I think suggesting that some of us aren’t “cut out” for philosophy or academic life is a huge endorsement for the MIV model, and one that can seriously fuck with people’s heads. And this is a phrase I hear All. The. Time. regarding graduate school and academia.
“Some people trained in philosophy find their training valuable for doing more worthwhile things. If I had the talents such people have, I might have chosen to do something else. But in my case, philosophy is the thing I do best, simply because it’s the only thing I’ve ever been any good at.”
“My own life, for instance, though hardly perfect, has nevertheless been pretty much one of working hard at the only thing I’ve ever been able to do at all”
This is a riff on a common refrain I have heard, which is, “I can’t imagine doing anything else with my life besides philosophy.” And again, it messes with our heads are graduate students to be told that we are irresponsible if we don’t have a plan B for our career, but then we hear successful people say that they just could never bring themselves to even consider a plan B.
It makes having a plan B look like you just aren’t as dedicated to philosophy, or don’t belong here. Like it’s not really your vocation.
I am going to repeat what a colleague of mine pointed out once:
'When people say they can’t imagine themselves doing anything other than philosophy, I don’t take that as a sign of their dedication to the field.

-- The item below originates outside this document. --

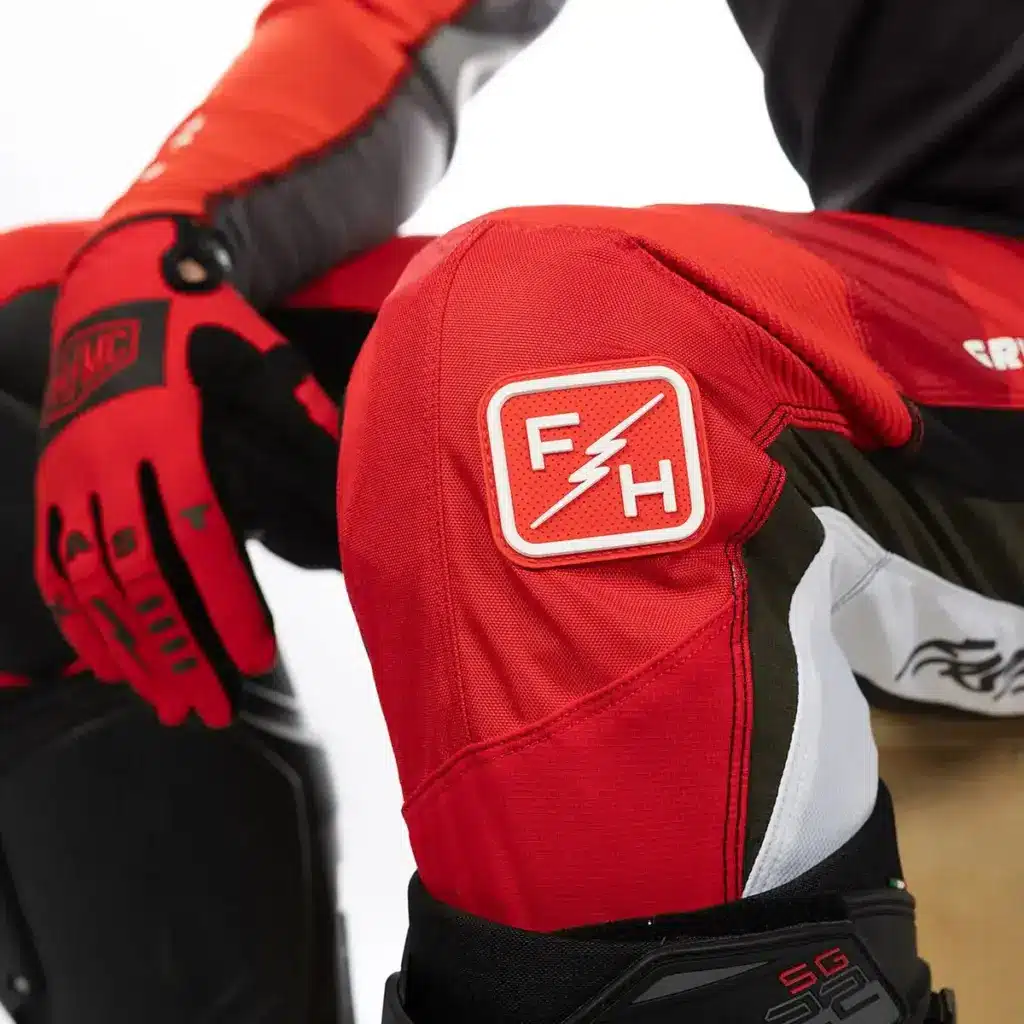 Detailaufnahme der Grindhouse Atomic Pant in Rot/Schwarz mit markanter TPR-Applikation am Knie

I take that as a sign of their lack of imagination.' (paraphrasing)
I will qualify, I take it as a sign of some people’s lack of a need for such imagination (if they are already successful in the field), or pride in stipulating such a lack of imagination (in accordance with the MIV model).
I hope this post helps to point out the way that we often endorse the MIV model, even unintentionally, and why this is a bad model to endorse.
I've tried to talk about a lot here, and I recognize that I've glossed over some nuanced points and further issues in places. So please feel free to point those things out and talk about them in the comments! I think I've also conflated a few different claims about philosophy being meritocratic in practice, it being ideally meritocratic, and philosophy requiring talent. So also feel free to pick apart those threads more carefully than I have done so here.